Apakah Pengertian Korupsi ?
b.
Bagaimana Fakta korupsi yang terjadi di masyarakat ?
c. Upaya apa sajakah yang
telah dilakukan pemerintah dalam pemberantasan korupsi ?
d.
Bagaimana Solusi Pemberantasan korupsi ?
Tujuan dan Manfaat Penulisan
Tujuan
Adapun tujuan yang ingin dicapai melalui penulisan ini adalah
sebagai berikut.
a. Untuk mengetahui Pengertian Korupsi
b. Untuk mengetahui Fakta korupsi
yang terjadi di masyarakat
c. Untuk mengetahui tindakan-tindakan
pemerintah dalam pemberantasan korupsi
d. Untuk mengetahui solusi
Pemberantasan korupsi.
Hasil penulisan ini
diharapkan dapat memberikan manfaat sebagai solusi pemecahan masalah
dalam pemberantasan korupsi yang semakin mengakar di indoesia ini.
BAB II
PENJELASAN
Pengertian Korupsi
Tindak pidana korupsi merupakan salah satu
jenis dari berbagai jenis tindak pidana. Korupsi memang sudah dianggap sebagai
penyakit moral, bahkan ada kecenderungan semakin berkembang dengan penyebab
multifaktor. Dibawah ini merupaka beberapa pendapat dari para ahli tentang
pengertian dari korupsi.
disimpulkan bahwa korupsi merupakan tindakan
pidana yang memiliki unsur unsur sebagai berikut.
a. Perbuatan Melawan Hukum,
b. Penyalahgunaan wewenang, kesempatan, atau sarana,
c. Memperkaya diri sendiri, orang lain atau korporasi,
d. Merugikan keuangan Negara atau perekonomian Negara.
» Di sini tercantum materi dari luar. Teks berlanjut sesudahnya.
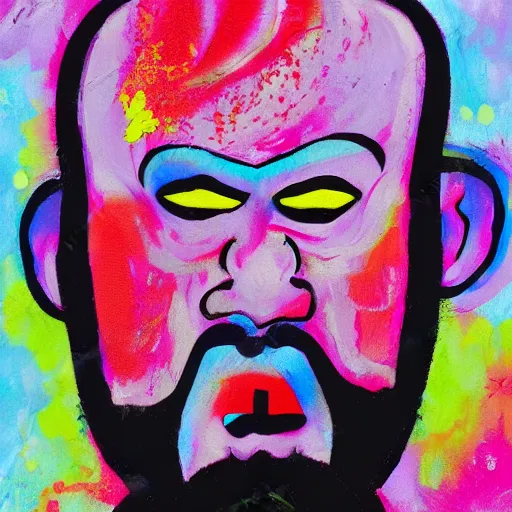 Image similar to colorful abstract painting of maniac bald man with brown beard stretching face with hands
Menurut Prof. Muljatno (dalam K Wantjik Saleh,
1983 : hal. 16), Tindak Pidana merupakan Perbuatan yang oleh aturan hukum
pidana dilarang dan diancam dengan pidana barang siapa yang melanggar aturan
tersebut. Menurut wujudnya atau sifatnya perbuatan pidana ini adalah
perbuatan-perbuatan yang melawan hukum. Perbuatan-perbuatan ini juga merugikan
masyarakat, dalam arti bertentangan dengan atau menghambat akan terlaksananya
tata dalam pergaulan masyarakat yang dianggap baik dan adil.
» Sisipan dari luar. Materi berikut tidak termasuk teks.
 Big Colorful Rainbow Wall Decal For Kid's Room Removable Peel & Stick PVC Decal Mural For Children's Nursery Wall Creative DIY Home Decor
Dapat penulis simpulkan disini bahwa Korupsi
merupakan Tingkah laku individu yang menggunakan wewenang dan kekuasaannya guna
mengeduk keuntungan pribadi atau kelompok dan sangat merugikan kepentingan umum
dan sangat bertentangan dengan norma-norma yang berlaku.
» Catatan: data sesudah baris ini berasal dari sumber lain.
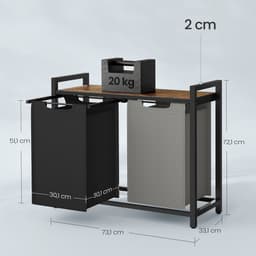 VASAGLE BLH201X01 - Wasmand met 2 Vakken - Afneembare Oxford Stof Zak - Met Opbergrek en Metalen Frame — thumbnail 2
Faktor-faktor penyebab korupsi
telah di identifikasikan bahwa faktor-faktor penyebab
korupsi di Indonesia terdiri atas 4 (empat) aspek, yaitu:
a. Aspek perilaku individu, yaitu faktor-faktor internal yang
mendorong seseorang melakukan korupsi seperti adanya sifat tamak, moral yang
kurang kuat menghadapi godaan, penghasilan yang tidak mencukupi kebutuhan hidup
yang wajar, kebutuhan hidup yang mendesak, gaya hidup konsumtif, malas atau
tidak mau bekerja keras, serta tidak diamalkannya ajaran-ajaran agama secara
benar.
b. Aspek organisasi, yaitu kurang adanya keteladanan dari
pimpinan, kultur organisasi yang tidak benar, sistem akuntabilitas yang tidak
memadai, kelemahan system pengendalian manajemen, dan kecenderungan manajemen
menutupi perbuatan korupsi yang terjadi dalam organisasinya.
c. Aspek masyarakat, yaitu berkaitan dengan lingkungan
masyarakat di mana individu dan organisasi tersebut berada, seperti nilai-nilai
yang berlaku yang kondusif untuk terjadinya korupsi, kurangnya kesadaran bahwa
yang paling dirugikan dari terjadinya praktik korupsi adalah masyarakat dan
mereka sendiri terlibat dalam praktik korupsi, serta pencegahan dan
pemberantasan korupsi hanya akan berhasil bila masyarakat ikut berperan aktif.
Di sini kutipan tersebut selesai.